2. Relevant Literature

The different aspects of innovation are presented briefly in this section, in order to highlight the nature of the innovative practices being utilized in the top manufacturing countries. In the United States, innovation in Massachusetts has been investigated for “ecosystems dynamics,” and it has been concluded that the state has great manufacturing capabilities that are providing effective contributions to its leading industries [8], including complex industries such as the automotive industry [9]. The UK Innovation Index has shown that the UK’s intangible investments such as investment in R&D, software, design, training, and organizational capital were key contributors to economic growth. Furthermore, it was concluded that the UK information/communications industry represented the most intangible industry in terms of the value it added to the UK’s economy [10]. In Germany, it has been stressed that organizational characteristics play a significant role in determining the extent to which firms attain innovation [11]. Similarly, in France, numerous innovation-focused studies have been conducted. For instance, innovation has been studied in relation to the influence of the company directors’ characteristics, and it was found that highly educated and independent executives contribute positively to complex decision making, in turn fostering the innovation process and increasing the number of patents that are registered [12].

According to several studies, China also needs to work on creating a kind of growth that collectively and implicitly considers all of the aspects of green economic growth (i.e., the economic and the environmental dimensions) in order to attain better utilization of its resources [13]. In Spain, knowledge-intensive business services (KIBS) have been investigated in order to study the relationships between various sources of knowledge and innovation authenticity, and it was concluded that R&D was negatively linked with innovation, indicating that the definition of R&D should be clarified in order to ensure better linkages with innovation [14]. In the Korean manufacturing sector, the innovation capabilities of small and medium-sized enterprises (SMEs) have been empirically investigated in order to identify the strategic directions necessary for policymakers to be able to enhance sustainable innovation practices, considering the positive linkage between technological innovation performance and firms’ innovation capabilities [15].

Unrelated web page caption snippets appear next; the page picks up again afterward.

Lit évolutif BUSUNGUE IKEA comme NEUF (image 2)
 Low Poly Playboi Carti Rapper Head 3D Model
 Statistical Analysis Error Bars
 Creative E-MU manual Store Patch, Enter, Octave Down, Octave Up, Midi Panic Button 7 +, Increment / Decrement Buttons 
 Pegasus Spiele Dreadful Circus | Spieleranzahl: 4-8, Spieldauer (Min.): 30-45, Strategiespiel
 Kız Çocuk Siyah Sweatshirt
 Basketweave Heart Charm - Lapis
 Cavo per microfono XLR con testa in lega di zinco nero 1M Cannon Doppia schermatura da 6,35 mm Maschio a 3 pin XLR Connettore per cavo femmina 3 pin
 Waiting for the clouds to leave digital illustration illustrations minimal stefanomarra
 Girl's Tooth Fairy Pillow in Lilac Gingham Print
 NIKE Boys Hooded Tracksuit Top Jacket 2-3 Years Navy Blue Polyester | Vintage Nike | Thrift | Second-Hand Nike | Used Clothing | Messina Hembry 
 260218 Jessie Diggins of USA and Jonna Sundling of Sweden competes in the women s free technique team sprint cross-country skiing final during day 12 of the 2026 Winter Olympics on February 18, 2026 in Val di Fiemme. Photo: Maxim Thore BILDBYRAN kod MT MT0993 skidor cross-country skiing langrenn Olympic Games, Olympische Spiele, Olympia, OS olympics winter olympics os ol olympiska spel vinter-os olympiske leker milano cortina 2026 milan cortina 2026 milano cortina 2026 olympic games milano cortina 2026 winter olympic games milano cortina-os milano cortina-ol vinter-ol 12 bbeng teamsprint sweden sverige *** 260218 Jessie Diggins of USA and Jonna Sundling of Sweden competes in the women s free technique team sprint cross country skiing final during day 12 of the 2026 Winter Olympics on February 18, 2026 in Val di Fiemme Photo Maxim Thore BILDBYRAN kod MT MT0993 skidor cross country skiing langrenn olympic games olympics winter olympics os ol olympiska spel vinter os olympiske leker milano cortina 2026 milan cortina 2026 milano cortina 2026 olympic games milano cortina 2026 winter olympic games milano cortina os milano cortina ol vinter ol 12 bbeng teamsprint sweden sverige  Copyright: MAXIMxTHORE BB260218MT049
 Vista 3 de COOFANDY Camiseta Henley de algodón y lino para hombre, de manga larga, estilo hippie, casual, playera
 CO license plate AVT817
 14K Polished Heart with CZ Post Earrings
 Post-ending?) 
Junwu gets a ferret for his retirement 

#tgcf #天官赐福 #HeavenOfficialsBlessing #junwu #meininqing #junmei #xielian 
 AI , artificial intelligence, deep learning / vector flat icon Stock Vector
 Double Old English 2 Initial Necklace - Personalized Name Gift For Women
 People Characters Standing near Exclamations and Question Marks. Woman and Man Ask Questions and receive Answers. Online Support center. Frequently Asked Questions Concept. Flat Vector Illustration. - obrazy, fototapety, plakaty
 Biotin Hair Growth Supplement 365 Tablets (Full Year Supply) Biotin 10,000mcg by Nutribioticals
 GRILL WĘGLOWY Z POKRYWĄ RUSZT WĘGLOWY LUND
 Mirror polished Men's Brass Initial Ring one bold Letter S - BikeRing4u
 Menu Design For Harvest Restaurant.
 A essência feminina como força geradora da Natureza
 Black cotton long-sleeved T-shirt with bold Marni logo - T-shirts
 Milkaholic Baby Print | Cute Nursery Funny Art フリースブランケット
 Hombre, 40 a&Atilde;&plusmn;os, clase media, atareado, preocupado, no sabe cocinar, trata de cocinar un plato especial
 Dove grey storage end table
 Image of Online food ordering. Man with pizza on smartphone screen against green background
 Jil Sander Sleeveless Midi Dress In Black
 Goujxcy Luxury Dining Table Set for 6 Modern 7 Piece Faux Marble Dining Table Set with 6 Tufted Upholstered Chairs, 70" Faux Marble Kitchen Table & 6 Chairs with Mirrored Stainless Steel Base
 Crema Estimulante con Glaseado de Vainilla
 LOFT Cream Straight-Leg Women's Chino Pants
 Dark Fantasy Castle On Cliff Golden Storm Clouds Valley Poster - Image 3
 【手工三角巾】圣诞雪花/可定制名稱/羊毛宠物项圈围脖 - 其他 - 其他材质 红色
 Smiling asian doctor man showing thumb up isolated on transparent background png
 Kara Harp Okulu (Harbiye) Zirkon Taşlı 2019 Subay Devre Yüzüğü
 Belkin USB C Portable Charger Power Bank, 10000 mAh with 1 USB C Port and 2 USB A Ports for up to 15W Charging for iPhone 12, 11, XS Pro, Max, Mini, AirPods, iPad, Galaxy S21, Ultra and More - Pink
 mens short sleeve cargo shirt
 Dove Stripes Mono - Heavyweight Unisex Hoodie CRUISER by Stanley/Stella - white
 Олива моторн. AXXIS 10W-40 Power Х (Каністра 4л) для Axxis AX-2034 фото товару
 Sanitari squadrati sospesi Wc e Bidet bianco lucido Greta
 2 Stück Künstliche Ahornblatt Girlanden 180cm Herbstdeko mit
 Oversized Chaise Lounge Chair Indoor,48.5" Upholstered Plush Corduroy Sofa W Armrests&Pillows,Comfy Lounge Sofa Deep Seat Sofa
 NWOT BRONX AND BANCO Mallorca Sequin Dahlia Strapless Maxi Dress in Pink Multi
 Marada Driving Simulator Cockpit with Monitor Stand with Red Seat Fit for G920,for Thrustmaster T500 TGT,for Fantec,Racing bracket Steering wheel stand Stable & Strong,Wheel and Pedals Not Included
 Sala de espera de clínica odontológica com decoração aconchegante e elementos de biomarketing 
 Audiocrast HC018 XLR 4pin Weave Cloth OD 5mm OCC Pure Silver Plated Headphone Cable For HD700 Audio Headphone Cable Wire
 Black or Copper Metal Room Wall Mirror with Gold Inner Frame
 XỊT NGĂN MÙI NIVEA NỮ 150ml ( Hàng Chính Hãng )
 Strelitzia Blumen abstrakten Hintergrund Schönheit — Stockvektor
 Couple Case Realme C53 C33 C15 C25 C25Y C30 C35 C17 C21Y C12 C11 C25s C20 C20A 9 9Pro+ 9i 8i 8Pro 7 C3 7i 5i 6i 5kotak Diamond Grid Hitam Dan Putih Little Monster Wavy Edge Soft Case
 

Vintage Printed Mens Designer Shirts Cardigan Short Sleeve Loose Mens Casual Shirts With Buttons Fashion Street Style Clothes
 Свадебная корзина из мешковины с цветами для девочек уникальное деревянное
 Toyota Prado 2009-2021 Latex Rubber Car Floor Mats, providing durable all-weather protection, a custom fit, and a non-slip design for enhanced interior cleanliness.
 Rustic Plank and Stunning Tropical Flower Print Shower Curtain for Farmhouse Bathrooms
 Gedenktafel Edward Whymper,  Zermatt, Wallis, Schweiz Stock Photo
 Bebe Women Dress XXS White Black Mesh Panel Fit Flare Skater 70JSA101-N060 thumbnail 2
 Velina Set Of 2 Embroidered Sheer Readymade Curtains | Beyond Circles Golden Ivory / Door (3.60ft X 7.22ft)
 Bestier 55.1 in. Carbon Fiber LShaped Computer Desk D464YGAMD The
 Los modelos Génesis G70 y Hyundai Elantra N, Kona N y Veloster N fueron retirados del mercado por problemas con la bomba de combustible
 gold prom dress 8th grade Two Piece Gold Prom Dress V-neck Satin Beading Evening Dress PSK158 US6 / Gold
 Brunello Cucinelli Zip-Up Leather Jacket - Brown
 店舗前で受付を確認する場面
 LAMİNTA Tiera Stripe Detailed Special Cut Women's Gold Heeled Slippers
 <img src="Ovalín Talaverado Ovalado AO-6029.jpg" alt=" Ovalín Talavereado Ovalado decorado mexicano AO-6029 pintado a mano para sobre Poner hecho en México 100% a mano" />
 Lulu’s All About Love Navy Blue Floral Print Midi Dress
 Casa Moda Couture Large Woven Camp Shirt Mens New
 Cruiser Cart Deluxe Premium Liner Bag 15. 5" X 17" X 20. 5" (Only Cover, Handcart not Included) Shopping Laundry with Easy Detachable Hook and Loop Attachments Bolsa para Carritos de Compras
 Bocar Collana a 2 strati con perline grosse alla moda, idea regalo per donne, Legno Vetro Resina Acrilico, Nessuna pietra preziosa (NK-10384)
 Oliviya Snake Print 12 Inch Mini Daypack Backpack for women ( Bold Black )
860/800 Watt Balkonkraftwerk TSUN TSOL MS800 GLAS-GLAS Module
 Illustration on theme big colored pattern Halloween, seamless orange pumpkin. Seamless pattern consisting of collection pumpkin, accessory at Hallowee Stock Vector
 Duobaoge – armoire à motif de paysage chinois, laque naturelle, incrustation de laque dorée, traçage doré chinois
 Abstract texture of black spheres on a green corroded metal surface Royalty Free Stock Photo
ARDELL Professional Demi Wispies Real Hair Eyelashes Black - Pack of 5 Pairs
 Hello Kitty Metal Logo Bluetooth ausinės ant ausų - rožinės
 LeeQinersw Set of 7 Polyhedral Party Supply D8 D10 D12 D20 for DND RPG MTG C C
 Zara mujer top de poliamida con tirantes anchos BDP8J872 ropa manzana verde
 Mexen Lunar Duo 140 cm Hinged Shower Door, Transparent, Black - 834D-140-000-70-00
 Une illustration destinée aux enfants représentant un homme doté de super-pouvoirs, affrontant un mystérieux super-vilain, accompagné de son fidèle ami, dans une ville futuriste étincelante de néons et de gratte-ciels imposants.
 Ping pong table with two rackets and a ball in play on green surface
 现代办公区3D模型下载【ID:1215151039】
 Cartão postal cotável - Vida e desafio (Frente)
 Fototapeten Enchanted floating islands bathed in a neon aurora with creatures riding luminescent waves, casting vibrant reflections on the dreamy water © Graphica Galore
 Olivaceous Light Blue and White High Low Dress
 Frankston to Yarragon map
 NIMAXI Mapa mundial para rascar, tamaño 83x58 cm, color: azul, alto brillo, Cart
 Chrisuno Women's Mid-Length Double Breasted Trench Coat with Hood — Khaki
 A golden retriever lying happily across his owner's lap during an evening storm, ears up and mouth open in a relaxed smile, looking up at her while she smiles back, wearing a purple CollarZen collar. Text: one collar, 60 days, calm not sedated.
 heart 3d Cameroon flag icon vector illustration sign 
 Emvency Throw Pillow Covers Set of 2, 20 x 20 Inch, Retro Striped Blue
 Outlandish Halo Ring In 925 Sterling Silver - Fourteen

Several aspects of green innovation have been studied in Japan, the United States, and a set of European firms, and one of the conclusions was that R&D efforts focusing on clean production processes strongly affect firms’ maturity levels in terms of their strategic decisions on green investments [16]. Indeed, the positive effect of digitalization on Japanese manufacturing SMEs resulted in better levels of attainment in satisfying customer needs, sales, and profits [17]. In the Italian manufacturing sector, several innovation issues have been discussed in the recent literature, such as the significance of R&D in product innovation within SMEs [18], the relationship between open innovation and human resources [19], the challenges for craft companies relating to digital manufacturing and open innovation [20], the funding of SMEs and their associated innovation strategies [21], and the learning processes that are taking place during the implementation of innovation practices [22].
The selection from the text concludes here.